Postby mafioso on Mon Oct 29, 2007 10:15 pm

Lords of Dopetown


Frank Lucas and Nicky Barnes once ruled the drug trade in Harlem. They came out of retirement to talk business.

By Mark Jacobson Published Oct 25, 2007




Image

Nicky Barnes, left, and Frank Lucas


During the Harlem heroin plague of the seventies, few dealers were bigger than Frank Lucas and Leroy “Nicky” Barnes. Both made millions selling dope, lived the wide-brimmed-hat high life, enabled the addiction of whole neighborhoods, and, eventually, got caught. Both were locked up and later cooperated with authorities—some might call it snitching. Now, with Lucas confined to a wheelchair and Barnes in some Witness Protection Program locale, each is the subject of a current film. Barnes reports on his life and times in the flava-full documentary Mr. Untouchable. Lucas hit the ultimate Hollywood jackpot, getting Denzel Washington, no less, to play him in American Gangster (reviewed this week in “The Culture Pages”).
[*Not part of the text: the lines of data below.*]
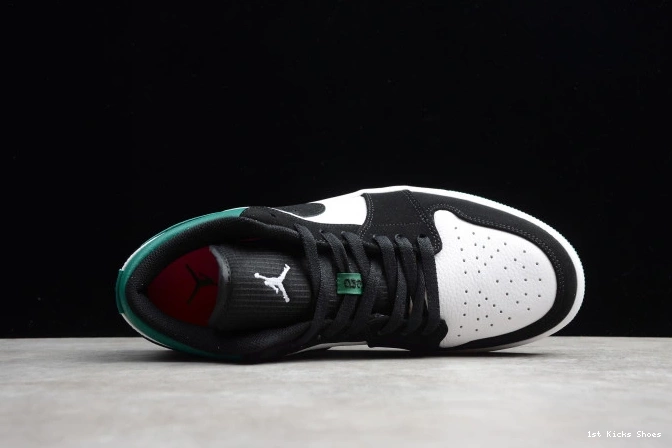 1st Kicks White Jordan Air 553558-113 Low Black Mystic 1 Green 0810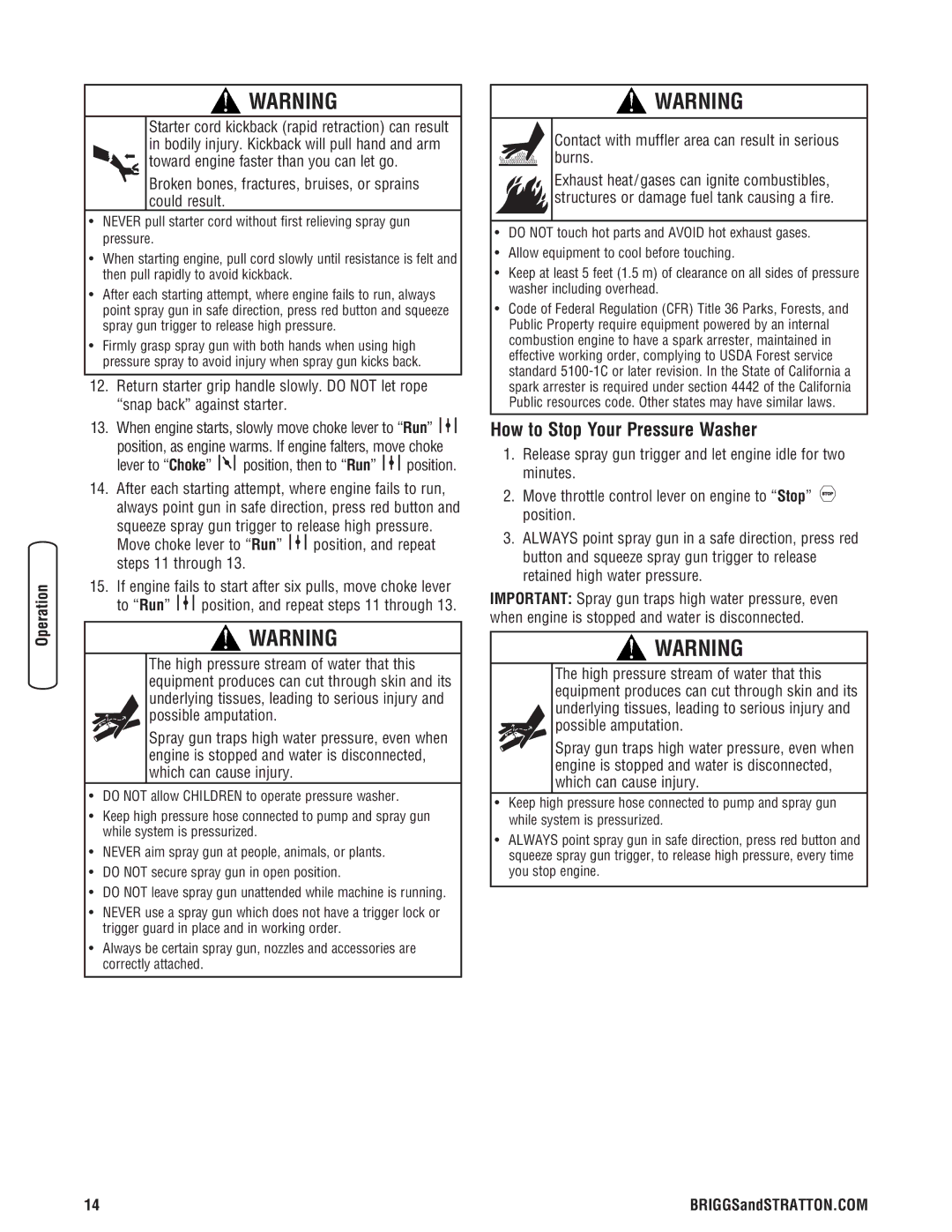 Briggs & Stratton 020274-0 manual How to Stop Your Pressure Washer, Lever to Choke position, then to Run position 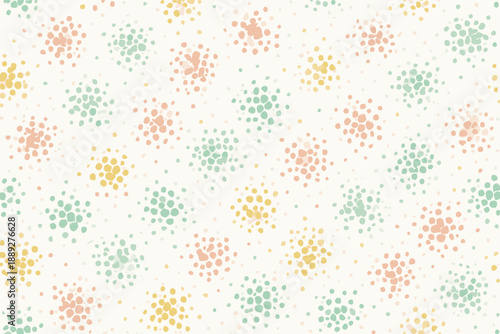 Colorful dot pattern design for backgrounds and textiles in light space with pastel colors and simple shapes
And so, three decades after their heyday, these former street titans are still generating commerce. This makes sense, as both insist they were businessmen, first and foremost. The trick for an ambitious black man in the seventies dope game was to minimize the sway of the Italian distributors who had controlled the Harlem scene for decades. Using sheer volume as an edge, Barnes cut increasingly favorable deals with his Mafia partners. He had the biggest clientele—hundreds of thousands of repeat (and repeat) buyers. It was a captive market, and he was their low-cost retailer. Lucas, more of a boutique operator, managed to bypass the Italians altogether by establishing the grisly but exceedingly lucrative “cadaver connection”—a direct line from Asia’s “Golden Triangle” poppy growers straight to 116th Street, smuggling heroin inside the coffins of American soldiers killed in the Vietnam War.



When the possibility emerged that these two old-school street rivals might be willing to engage in what could only be called a historic conversation—they haven’t spoken in 30 years—it was easy to envision yelling, phone slamming, and maybe even a death threat or two. Lucas, as I knew well (from writing in this magazine the original piece upon which American Gangster is based), could go off at any moment. And Barnes, who likes to quote Moby-Dick and King Lear, mocks Lucas’s “country boy” lack of education and perceived lack of finesse in Mr. Untouchable. When it came down to it, however, the two old drug-kingpins-in-winter revealed a familiarity that bordered on a kind of love. Or at least respect for a fellow tycoon.



NICKY BARNES: Hey, hey, what’s up, playa?



FRANK LUCAS: Hey, Nick.



NB: I heard you’re in a wheelchair. What’s going on?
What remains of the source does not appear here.